Examples

Only a few examples are shown here. Every method has an example (and plotting code) in the test folder!

Nonlinear

using SignalDecomposition, PredefinedDynamicalSystems, Random, Statistics
decompose = SignalDecomposition.decompose

he = Systems.henon()
tr, tvec = trajectory(he, 10000; Ttr = 100)
Random.seed!(151521)
z = tr[:, 1]
s = z .+ randn(10001)*0.1*std(z)
m = 5
k = 30
Q = [2, 2, 2, 3, 3, 3, 3]
x, r = decompose(s, ManifoldProjection(m, Q, k))
summary(x)

"10001-element Vector{Float64}"

This method is nicely highlighted once going into the state space and looking at the attractor:

using CairoMakie
fig, ax = scatter(s[1:end-1], s[2:end]; markersize = 4, label = "input")
scatter!(ax, z[1:end-1], z[2:end], markersize = 4, label = "real", color = :black)
scatter!(ax, x[1:end-1], x[2:end], markersize = 3, label = "output", alpha = 0.5, color = :red)
axislegend(ax)
fig

TimeAnomaly and Sinusoidal

using SignalDecomposition, Dates, Random, CairoMakie

Random.seed!(41516)
y = Date(2001):Day(1):Date(2025)
dy = dayofyear.(y)
cy =  @. 4 + 7.2cos(2π*dy/365.26) + 5.6cos(4π*dy/365.26 + 3π/5)
r0 = randn(length(dy))/2
sy = cy .+ r0

x, r = decompose(y, sy, TimeAnomaly())

t = collect(1:length(y)) ./ 365.26 # true time in years

x2, r2 = decompose(t, sy, Sinusoidal([1.0, 2.0]))

fig, ax = lines(t, sy, label = "input")
lines!(ax, t, cy; label = "true periodic", color = :black, linestyle = :dash)
lines!(ax, t, x; label = "TimeAnomaly", alpha = 1.0, color = :red)
lines!(ax, t, x2; label = "Sinusoidal", alpha = 0.5, color = (0.1, 0.8, 0.2))
ax.xlabel = "years"
axislegend(ax)
xlims!(ax, 0, 1) # zoom in
fig

Although not immediately obvious from the figure, Sinusoidal performs better:

rmse(cy, x), rmse(cy, x2)

(0.11986036248063099, 0.049787475009113534)

Furthermore, by construction, the x component of Sinusoidal will always be a smooth function (sum of cosines).

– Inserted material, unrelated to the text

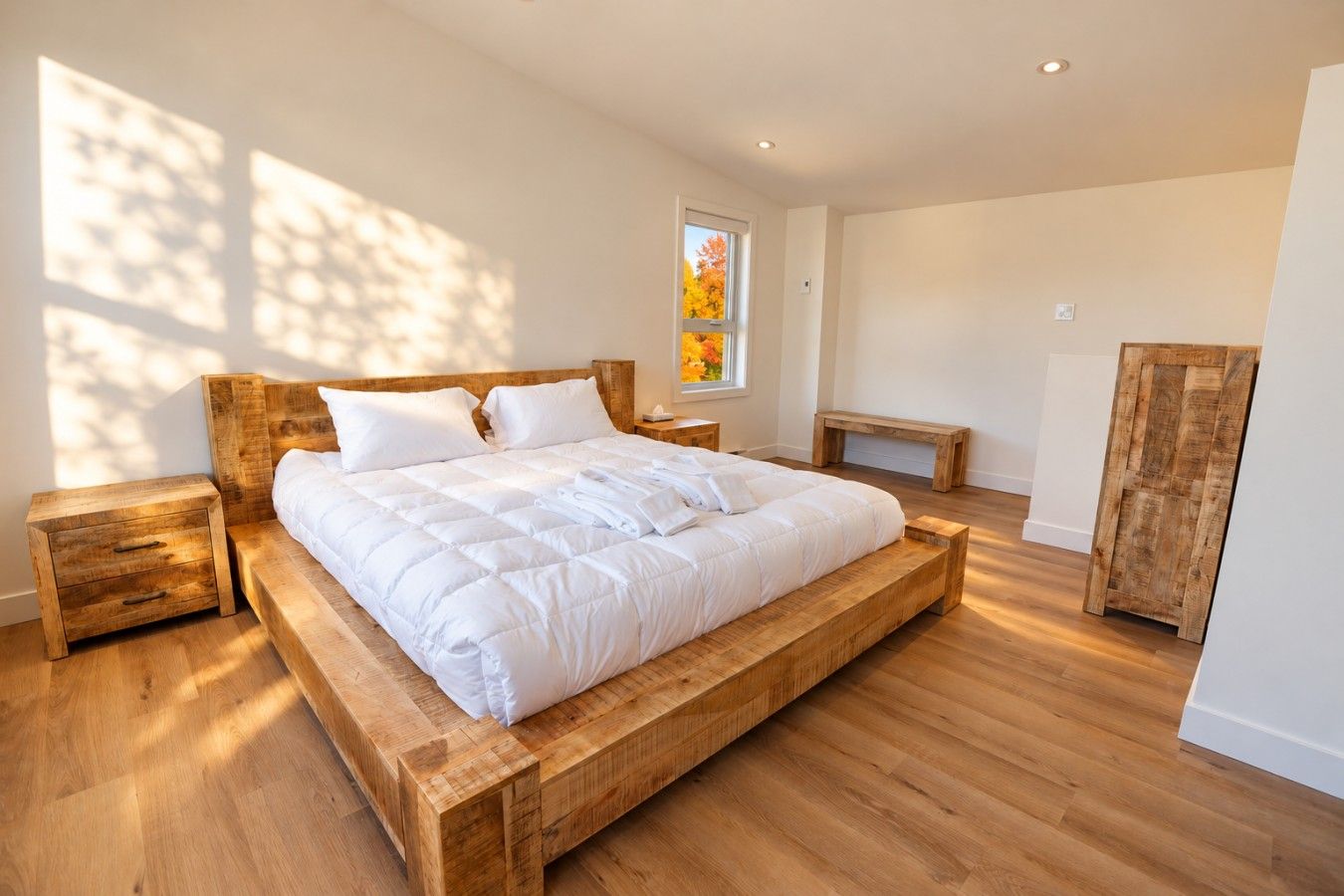 Een slaapkamer met een houten bedframe, een nachtkastje, een bankje en een kledingkast.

TimeAnomaly will typically retain some noise.

Product

using SignalDecomposition, PredefinedDynamicalSystems, CairoMakie
using Statistics: std

ds = Systems.lorenz()
tr, _ = trajectory(ds, 20; Δt = 0.002, Ttr = 100)
lorenzx_slow = tr[:, 1]/std(tr[:, 1])

ds = Systems.roessler()
tr, _ = trajectory(ds, 500.0, Δt = 0.05, Ttr = 10)
roesslerz = tr[:, 3]/std(tr[:, 3])
roesslerz[roesslerz .≤ 0.1] .= 0

s = lorenzx_slow .* roesslerz
m = ProductInversion(roesslerz, 0.1:0.1:10)
x, r = decompose(s, m)

fig, ax = lines(s, label = "input s")
lines!(ax, x .* r, label = "decomposed", linestyle = :dash)
axislegend(ax)
ax, = lines(fig[2,1], lorenzx_slow, label = "original r")
lines!(ax, x, label = "decomposed r")
axislegend(ax)
fig